Content starts

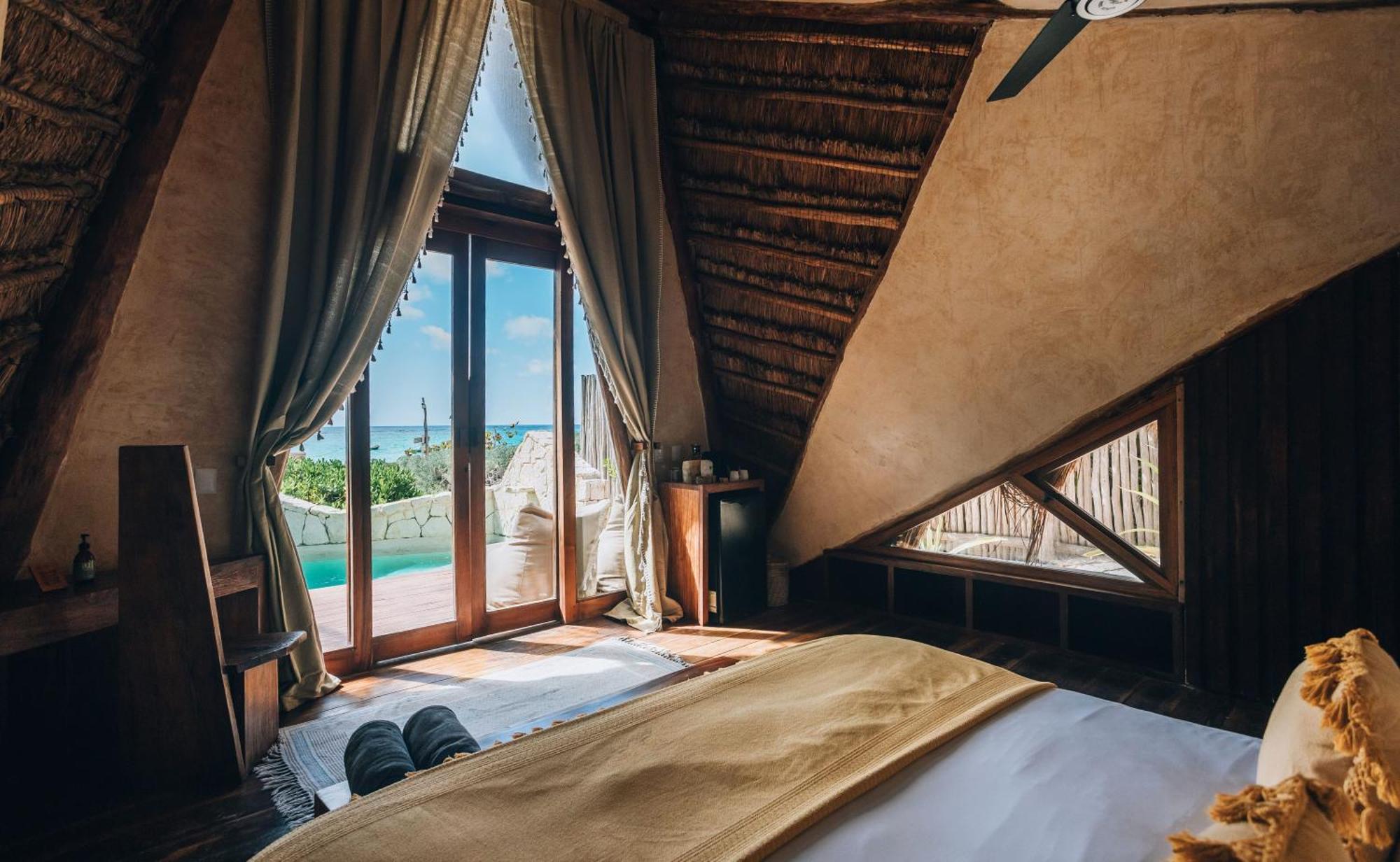 Ikal Tulum Hotel 외부 사진 Interior of a villa at Habitas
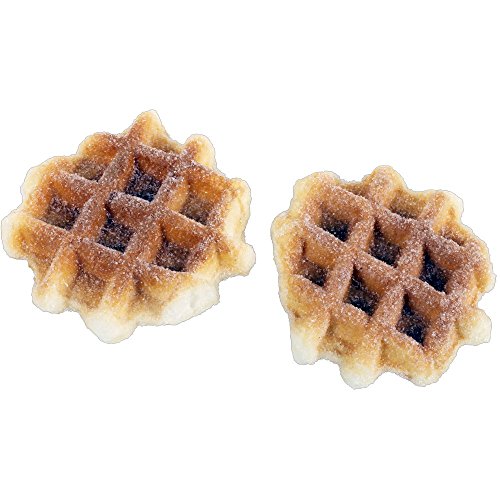 Waffeln mit Zucker 2 Stück natur Ø 10 cm Lebensmittelattrappe Fake Food Attrappe von Props4shows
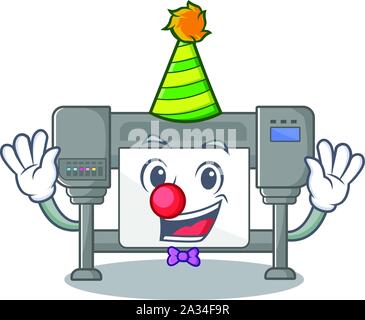 Les traceurs sur le jouet Clown mascot président Illustration de Vecteur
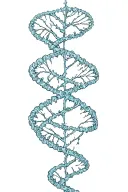 family tree dna strand merging tattoo design idea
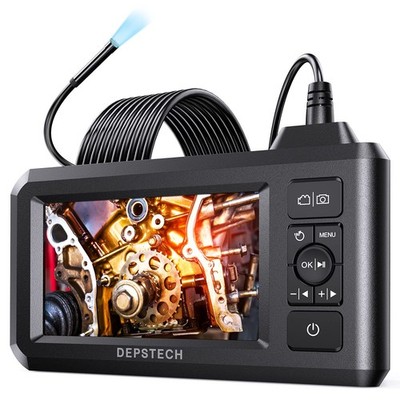 5.5mm Industrial Endoscope, 1080P Digital Borescope Inspection Camera with 4....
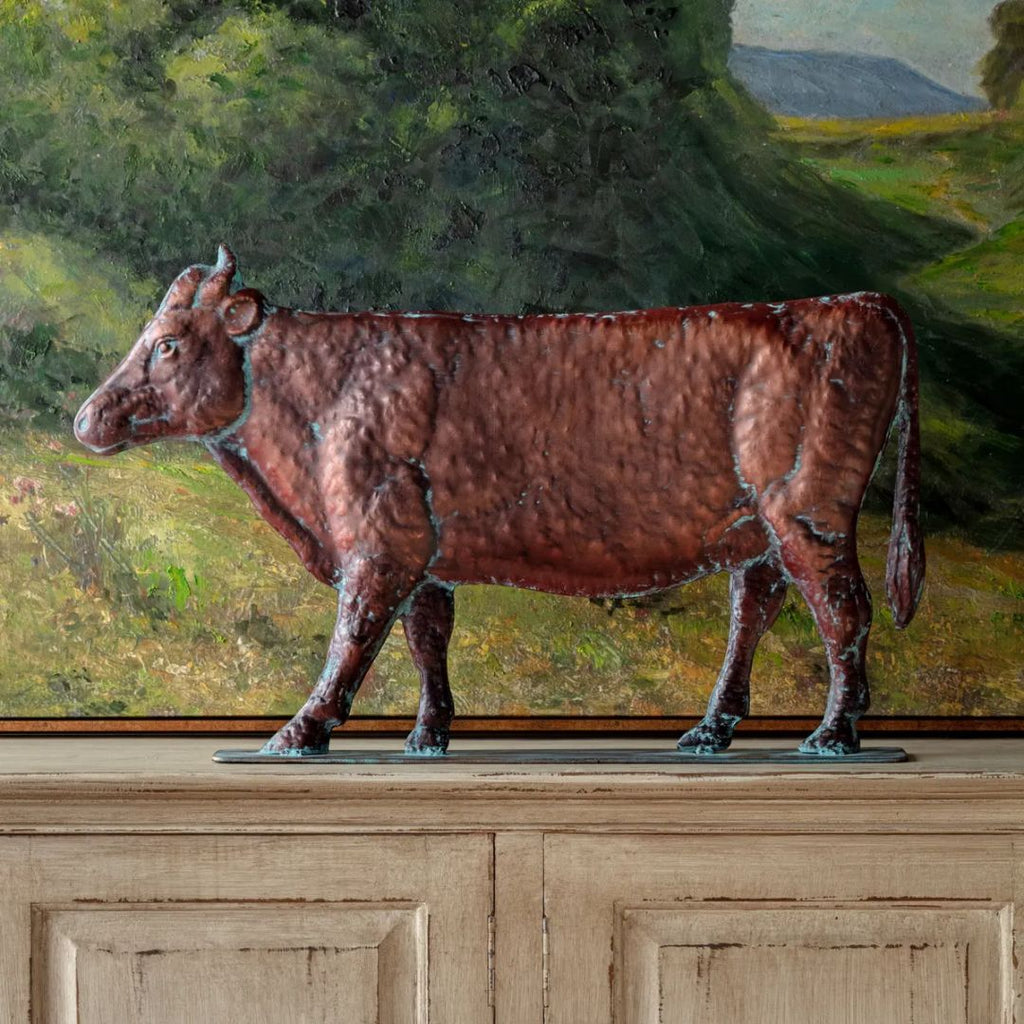 Dairy Cow with Verdigris Finish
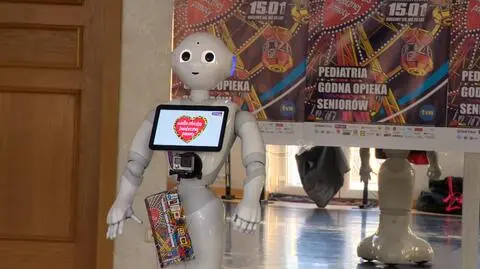 Robot Pepper pierwszy raz będzie wolontariuszem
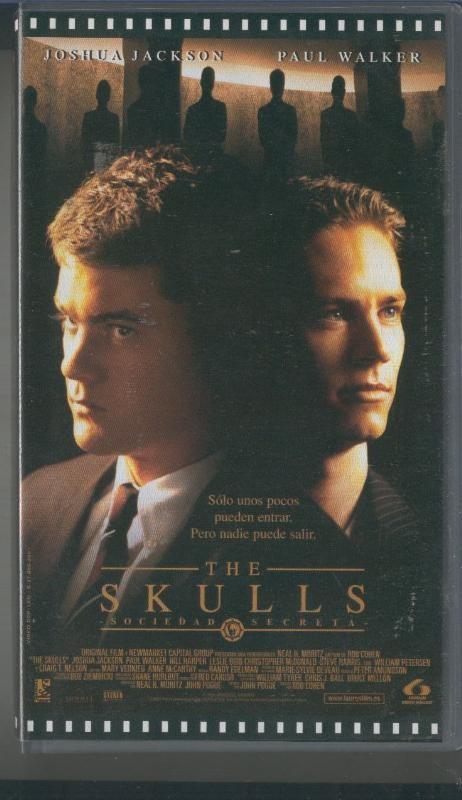 Video VHS: The skulls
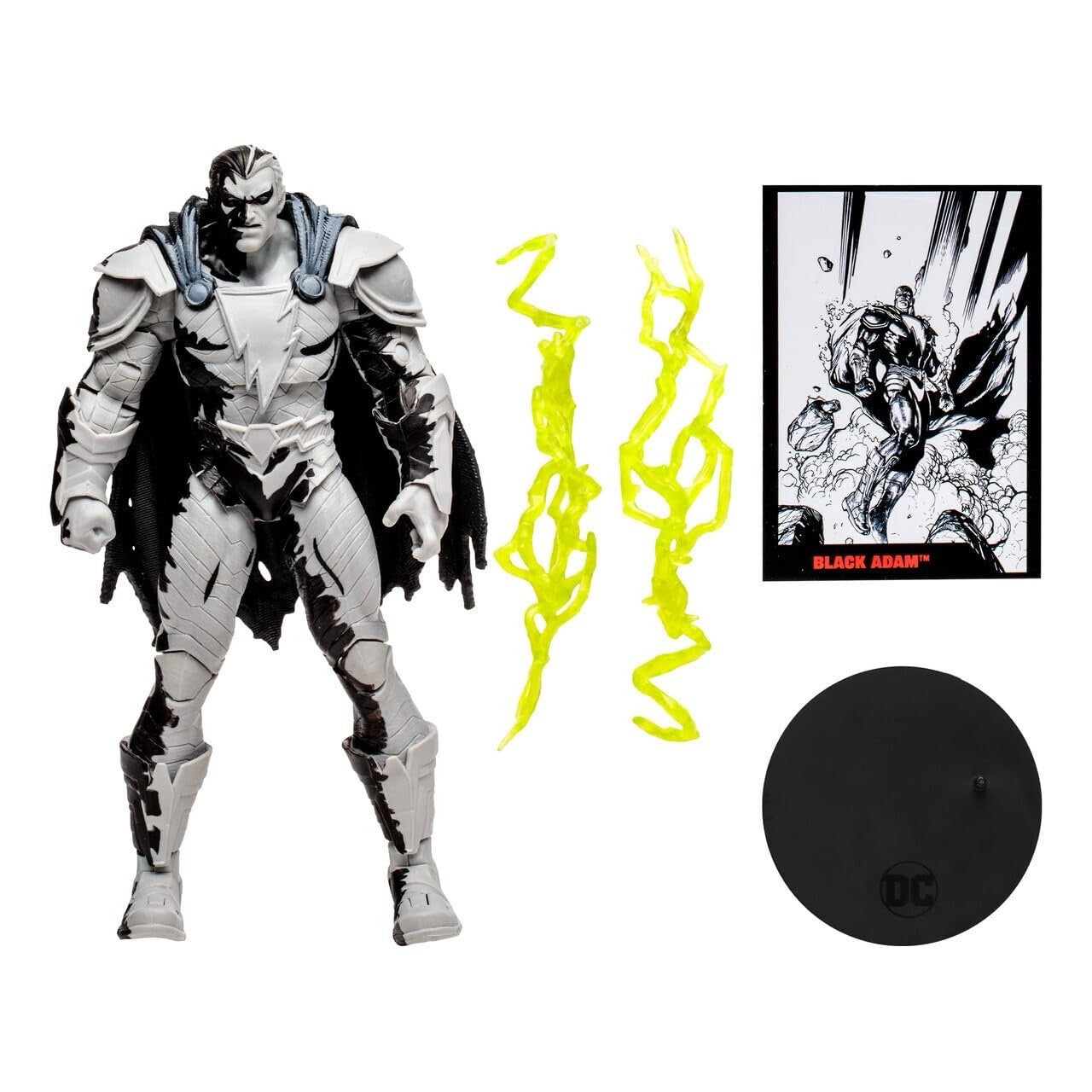 McFarlane DC Direct Page Punchers Black Adam Black & White Figure + Comic
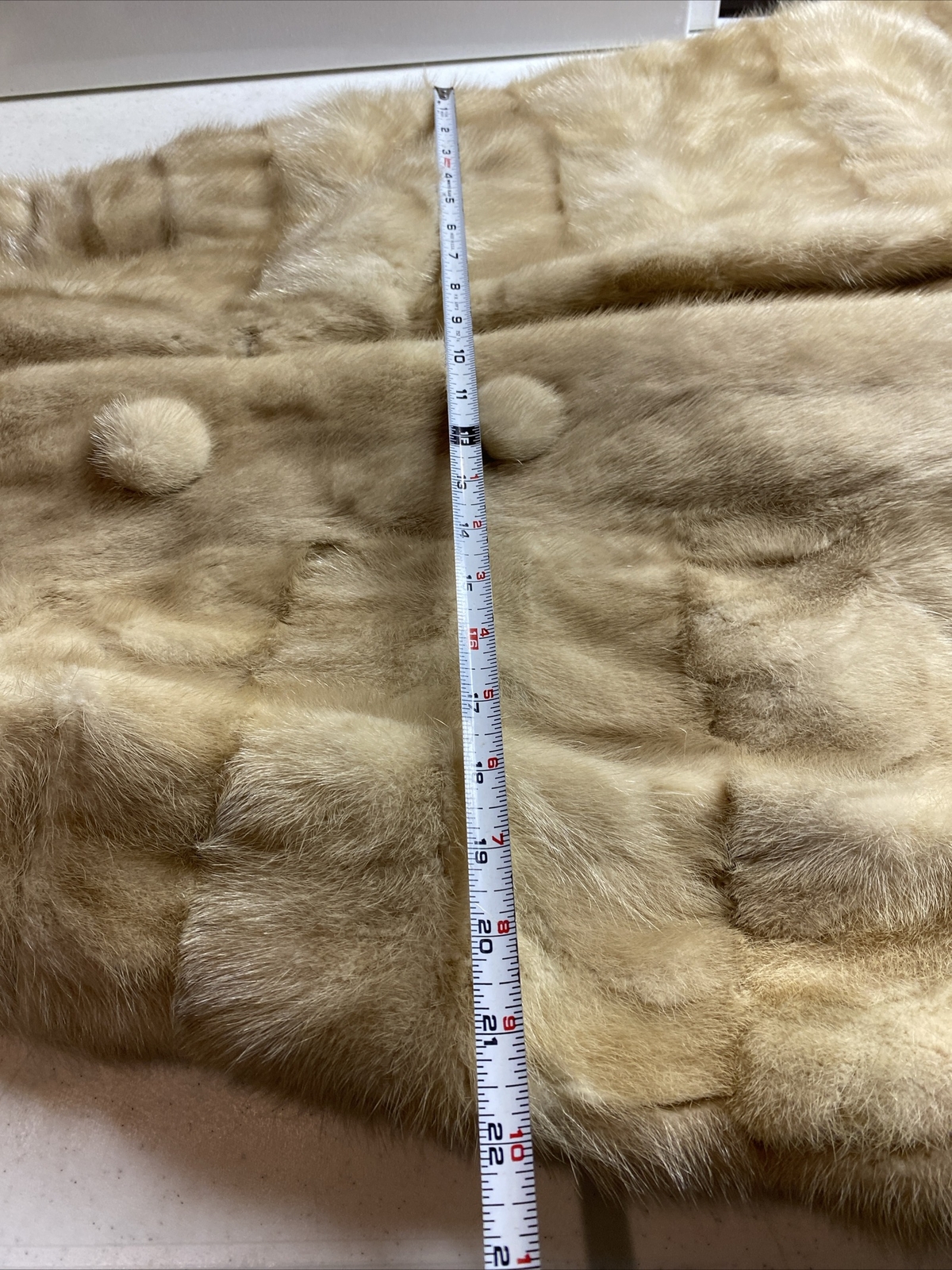 Vtg Fur Coat By GEORGE M. TRAHOS Fur House Athens Greece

Content ends

**WHAT IS NEEDED**
All entries above are to be restated exactly, with every image omitted.

**SOLUTION TO THE PROBLEM**
 Ikal Tulum Hotel 외부 사진 Interior of a villa at Habitas
 Waffeln mit Zucker 2 Stück natur Ø 10 cm Lebensmittelattrappe Fake Food Attrappe von Props4shows
 Les traceurs sur le jouet Clown mascot président Illustration de Vecteur
 family tree dna strand merging tattoo design idea
 5.5mm Industrial Endoscope, 1080P Digital Borescope Inspection Camera with 4....
 Dairy Cow with Verdigris Finish
 Robot Pepper pierwszy raz będzie wolontariuszem
 Video VHS: The skulls
 McFarlane DC Direct Page Punchers Black Adam Black & White Figure + Comic
 Vtg Fur Coat By GEORGE M. TRAHOS Fur House Athens Greece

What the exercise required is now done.